I am going through my notes rather hastily, Mr. Chairman, but yesterday we were told what copyright was. Well, the copyright with which we are concerned is not the copyright as defined by Webster's dictionary or any other encyclopaedia; copyright is defined in terms of the law and section 3 of the Copyright Act says:
For the purposes of this act, "copyright" means the sole right to produce or reproduce the work or any substantial part thereof in any material form whatsoever-[DOT]
Then paragraph 2 of article IV of the convention of Berne says:
The enjoyment and the exercise of these rights shall not be subject to the performance of any formality; such enjoyment and such exercise are independent of the existence of protection in the country of origin of the work.
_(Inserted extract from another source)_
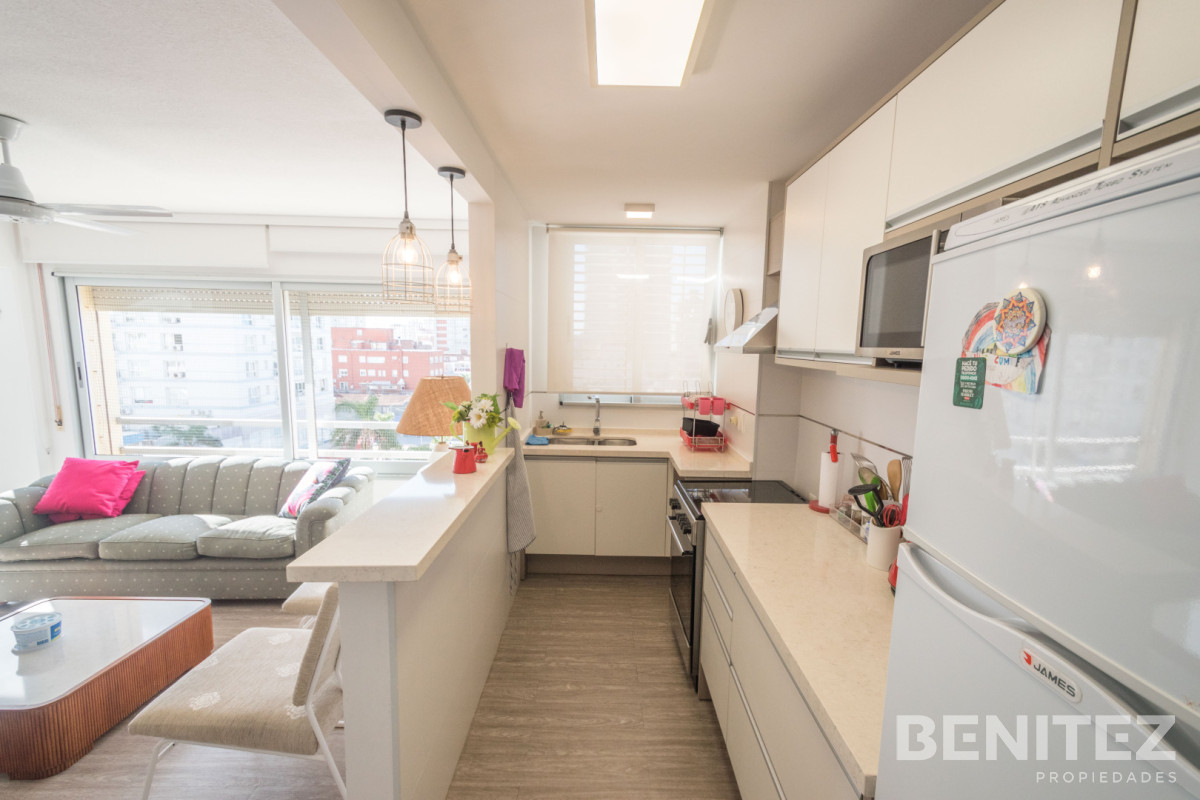 Apartamento ID.1500 - Torre Libertador. Apartamento totalmente reciclado.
I say, Mr. Chairman, that the amendment exempting industrial fairs unduly takes away from the rights of the authors. In this matter we are not at all concerned with the performing right society. That society has nothing to do with the rights of the authors, in regard to letting their works be used for fairs, whether they are under the control of the dominion, the province or the municipality. Why in the name of common sense should a composer 'be forced to allow his music to be played gratuitously at any agricultural fair under the dominion, province or municipality, or at an industrial fair? Why, Mr. Chairman, the peanut vendor is paid at these fail's; everyone makes money at these fairs except the author. The farmer makes money; he is protected, but the author is not protected. I do not believe there would be any fairs if there were no music. Everyone is prepared to pay all those who have anything to do with the fair except the author who provides the very first requirement in order that the fair may be held. I do not think the point needs to be elaborated to show how illogical, how uncharitable and, I might even say, how unlawful that is.
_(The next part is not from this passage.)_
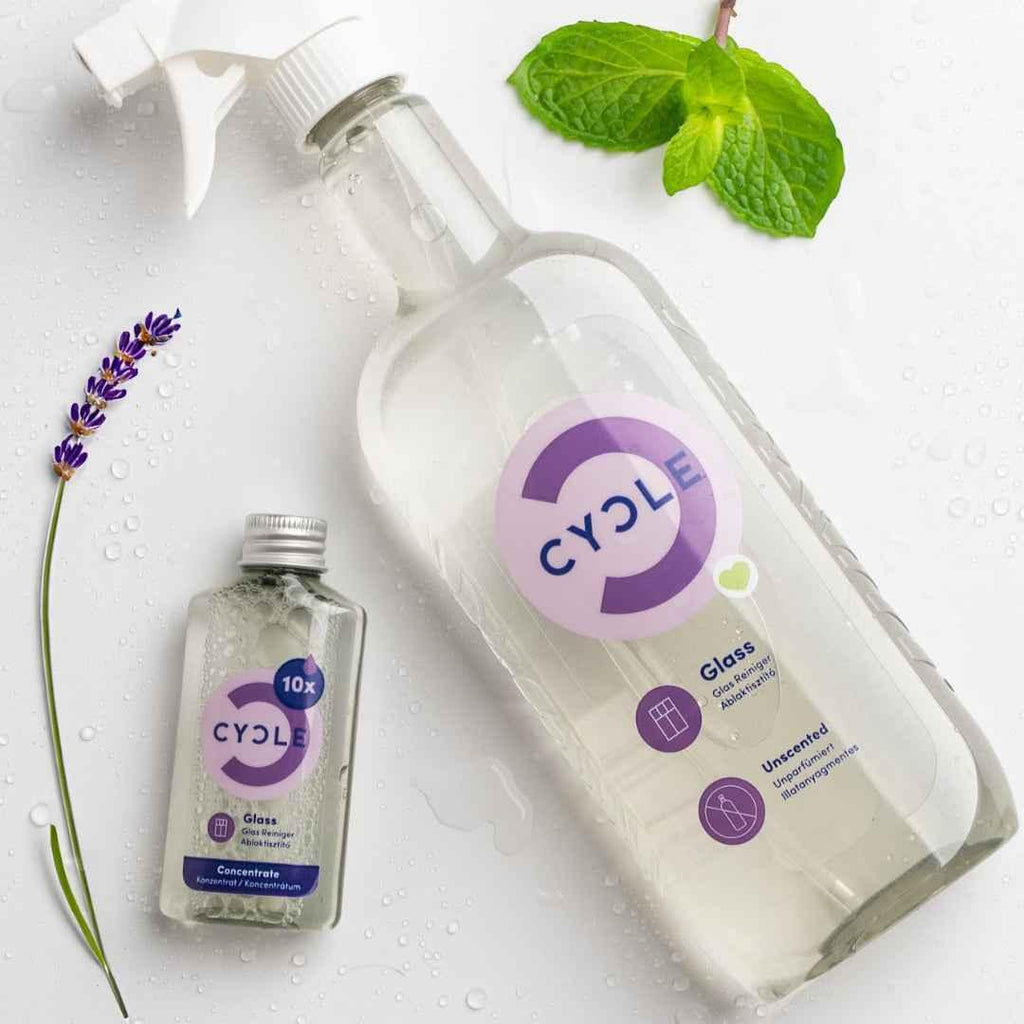 CYCLE Glas rens 500 ml - EasyClean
While I am on this point may I say that in taking this step we are not only dealing with Canadian authors. Under the terms of the convention of Berne a large number of authors living in such countries as France, Italy, Belgium, Switzerland and many other countries are protected in Canada. If I had time I could easily proceed to show that while we in this country have the right to treat our own nationals in any contemptible way we may wish, the law of the land is that we cannot treat nationals of other countries in the same way. We can do what we like with our own people; we can be as mean as we wish towards them, but if we act in that way towards authors belonging to nations other than Canada we do so in flagrant violation of the convention of Berne. If proof of that statement were needed I could go back to 1921, when the licensing clauses were under consideration. The then Minister of Justice, Mr. Doherty, decided that the licensing clauses placed in our law could be operative only in connection with our own nationals and not in connection with the nationals of other countries who were protected by the convention of Berne. So I submit that by taking this action we are not showing Vespeet for an international convention in which we have participated. We are told that this does not amount to very much, that the authors will not lose very much in the way of fees by exempting these small fairs. But, Mr. Chairman, may I point out that at page 42 of the Parker report 278 fairs are listed in the province of Ontario.
I have not time to go through the whole of the report or to traverse everything that was said last night, but most hon. gentlemen who spoke then stated that the fees charged were exorbitant. I am not concerned with whether it is the performing right society or any other society that collects these fees. These are the fees of the authors and composers, and I say we have not the right to place this further hardship upon them. For the time being the Canadian Performing Right Society is the duly constituted agent of a certain number of authors, and they have the right to collect their fees.